Together Editors will discuss which angles are important, sharing their knowledge and information. They’ll learn about exclusive interviews and coverage ideas. The meeting means all news departments know what everyone else is doing. Editors can then decide which stories to follow up and how to tell them in a way that is suitable for their audience and platform. During the day they share text, video and stills as they come in.

When there is a big story, the meeting will hear directly from a news reporter on location, or If there is a difficult legal issue, a lawyer may join so everyone gets the right legal information together. A second meeting is held later in the day for news updates and to plan the next day’s programmes.

BBC News has a shared video and stills portal, so all teams can access news material as soon as it is uploaded. Completed scripts can be read by other teams to minimise duplication on research and fact checking.

The meeting format will change over time, and has become more digitally focused with social media and digital video becoming more of a focus for BBC News.

Diversifying Sources of Income

Financial sustainability is one of the biggest challenges for modern Newsrooms. Increasing multimedia production can help you build new sources of income, whilst still producing quality content. It will help newsrooms be more resilient to future changes. Leaders will need to find a balance between editorial and sponsored content.

These are some income sources to consider for online media;

Traditional Advertising: Banners, Pop-ups on desktop and mobile, Video Pre-rolls, Sponsored Video in an article, RSS feed from partner organisations, Monetization of the mobile app.

Native advertising; Content marketing, Content advertising on a regular basis – monthly subscription with a set fee for partner organisations and individuals (long-term), Sponsored content, Sponsorship of a topic or a specific article.

On-site Subscriptions for readers: (Paywall content) Monthly and annual subscriptions for readers for different services – news, specialised content, games, and readers club membership. Special services for readers – ie. a consultation with a doctor, lawyer.

E-commerce elements: Affiliate marketing, Implementation of your own E-commerce services into the information web portals.

Using Social Media platforms: Monetization of videos on Youtube. Product placement on Facebook pages and groups, Product placement on Tik-Tok and Instagram.

Organising External events; Sponsored conferences, festivals, media. News staff may host events.

Offering services: training for media interviews, journalist training. Offering local news copy to other organisations.

Funding from international bodies and organisations; producing specific content which is funded by donor organisations.

Selling services of the tech team (web developers) – creating new websites for customers and selling existing software.

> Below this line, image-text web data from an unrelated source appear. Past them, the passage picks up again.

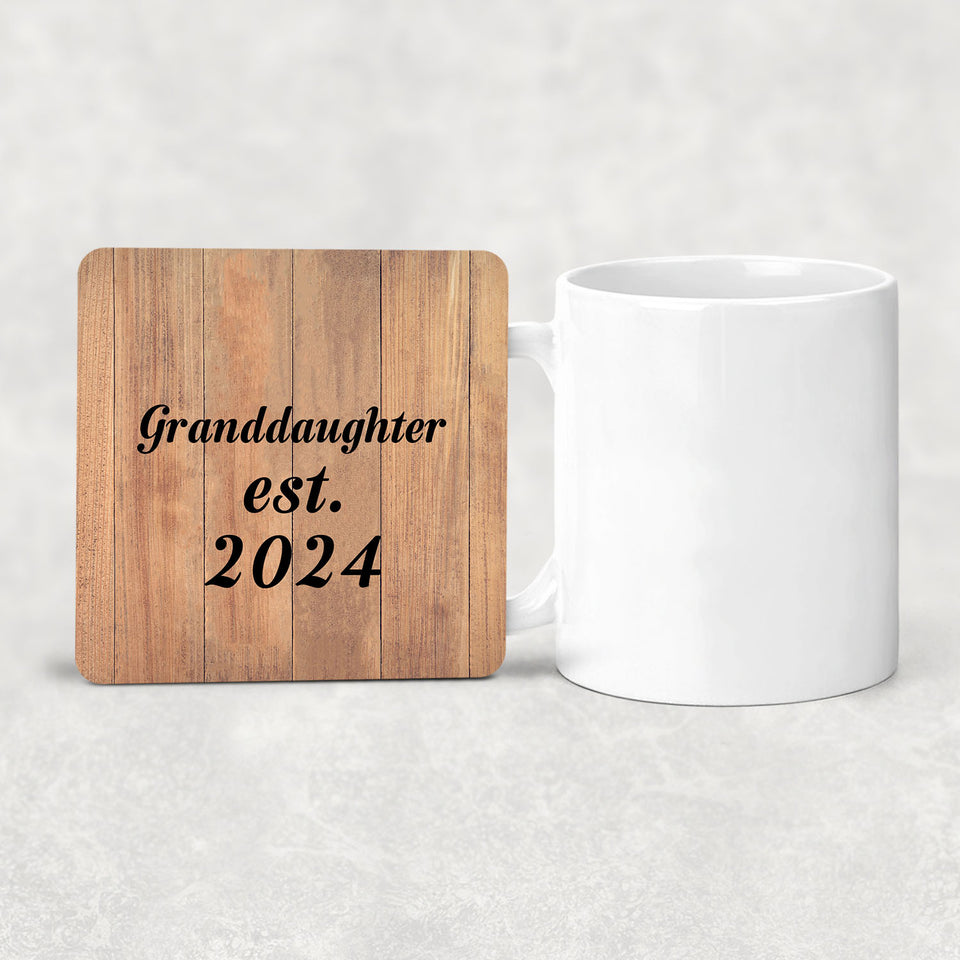 Granddaughter Established EST. 2024 - Drink Coaster C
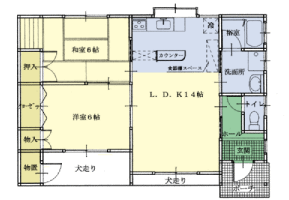 間取り図: 2LDKタイプ(グレースD)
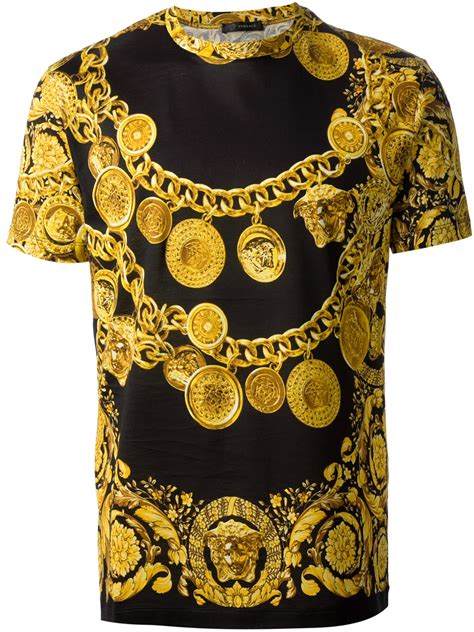 versace chain t shirt|authentic Versace jewelry.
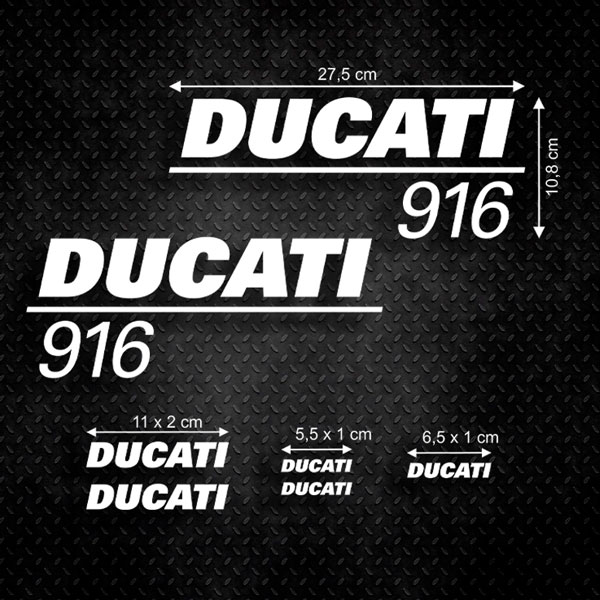 Car & Motorbike Stickers: Set 7X Ducati 916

Newsrooms may to draw on a number of funding sources to ensure ongoing revenue and business continuity. Implementation will require close communication between the Editorial, Sales, and Marketing Teams.

Case study – Palitra Media Editorial and Marketing financial strategy

At Palitra Media the Newsroom team is separate from the Marketing/Sales team so both plan and budget independently, working to the strategy of the parent company.

At the beginning of the year, they write a detailed financial plan for the next 12 months. There is an agreement between them that gives exclusive rights to the Marketing/Sales company to sell Newsroom products and keep 20% of the profit. The Newsroom pays a fixed fee for Marketing services.

The success and development of both areas is of mutual interest. At the same time, both teams think about increasing their income independently and come up with ideas on how to make money from content.

At weekly meetings of the Editorial + Sales + Marketing teams, ideas are approved and it’s decided who will implement them. Sometimes the newsroom will introduce monetization independently without the advertising group. For example – On-site Subscriptions for readers, Services for readers, and Implementation of projects funded by international organisations.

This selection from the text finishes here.